MOSCOW, November 7 (RIA Novosti) – A Swiss laboratory said Thursday that tests have yielded evidence of polonium in the remains of late Palestinian leader Yasser Arafat, but that the radioactive isotope was not detected in sufficient enough quantities to definitively conclude he was poisoned.
Scientists at the Institute of Radiation Physics at the University of Lausanne said that the polonium-210 might have entered Arafat’s by natural means.
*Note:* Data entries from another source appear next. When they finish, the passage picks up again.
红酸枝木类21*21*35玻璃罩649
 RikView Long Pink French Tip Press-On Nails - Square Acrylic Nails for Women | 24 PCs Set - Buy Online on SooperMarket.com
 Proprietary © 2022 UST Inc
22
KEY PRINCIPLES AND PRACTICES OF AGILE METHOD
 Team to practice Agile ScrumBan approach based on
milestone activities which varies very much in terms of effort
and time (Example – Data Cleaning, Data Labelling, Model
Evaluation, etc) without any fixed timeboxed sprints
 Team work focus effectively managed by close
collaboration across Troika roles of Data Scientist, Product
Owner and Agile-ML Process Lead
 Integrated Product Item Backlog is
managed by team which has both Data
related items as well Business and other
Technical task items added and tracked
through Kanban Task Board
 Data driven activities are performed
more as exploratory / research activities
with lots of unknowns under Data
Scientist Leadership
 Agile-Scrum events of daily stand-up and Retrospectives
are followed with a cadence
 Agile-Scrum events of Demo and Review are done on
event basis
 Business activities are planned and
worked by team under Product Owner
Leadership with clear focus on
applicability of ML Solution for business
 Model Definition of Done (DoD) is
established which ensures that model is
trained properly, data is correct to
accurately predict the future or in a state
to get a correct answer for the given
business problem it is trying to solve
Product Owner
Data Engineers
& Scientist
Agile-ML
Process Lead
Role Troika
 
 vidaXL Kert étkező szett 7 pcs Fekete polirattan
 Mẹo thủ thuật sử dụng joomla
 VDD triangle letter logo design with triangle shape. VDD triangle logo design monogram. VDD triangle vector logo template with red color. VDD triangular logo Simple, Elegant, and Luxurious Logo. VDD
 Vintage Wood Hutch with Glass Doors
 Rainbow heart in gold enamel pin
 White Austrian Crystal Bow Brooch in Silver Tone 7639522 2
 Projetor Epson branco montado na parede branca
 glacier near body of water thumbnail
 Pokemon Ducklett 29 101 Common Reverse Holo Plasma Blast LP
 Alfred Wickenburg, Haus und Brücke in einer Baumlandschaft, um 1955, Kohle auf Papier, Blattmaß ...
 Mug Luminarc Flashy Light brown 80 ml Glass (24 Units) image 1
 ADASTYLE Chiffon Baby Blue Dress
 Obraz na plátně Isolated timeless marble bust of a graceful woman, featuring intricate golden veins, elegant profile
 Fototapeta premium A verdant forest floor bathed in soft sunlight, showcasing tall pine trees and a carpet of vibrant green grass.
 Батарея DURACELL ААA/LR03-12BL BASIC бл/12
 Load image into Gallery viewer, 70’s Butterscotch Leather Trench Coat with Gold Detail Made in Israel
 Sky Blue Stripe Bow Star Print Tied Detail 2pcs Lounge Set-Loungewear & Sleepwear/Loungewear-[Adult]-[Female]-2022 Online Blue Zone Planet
Arafat’s body also contained traces of lead, the institute said.
Polonium is very rare in nature, but it has reportedly been detected in cigarette smoke from tobacco grown with certain man-made fertilizers.
Suha Arafat, the widow of the Palestinian Liberation Organization leader, gave her consent in August for the institute to analyze her husband’s remains.
The inquiry, which was also requested by Palestinian leader Mahmoud Abbas, followed an investigation by Al Jazeera television earlier this year that found “significant” traces of polonium-210 on some of Arafat's personal items that were given his widow after his death in 2004.
Suha Arafat says she believes her husband was the victim of a political assassination.
The head of a Russian forensics bureau said last month that it had found no sign of polonium in Arafat’s body, but later the government agency denied it had released any statement on its findings.
The 75-year-old Nobel Peace Prize winner died in a military hospital near Paris on November 11, 2004, shortly after falling violently ill at his West Bank compound.
His widow and daughter opened a court case in France over the poisoning claims in July.
Israeli authorities have always strenuously dismissed widely circulated rumors that they were behind the death.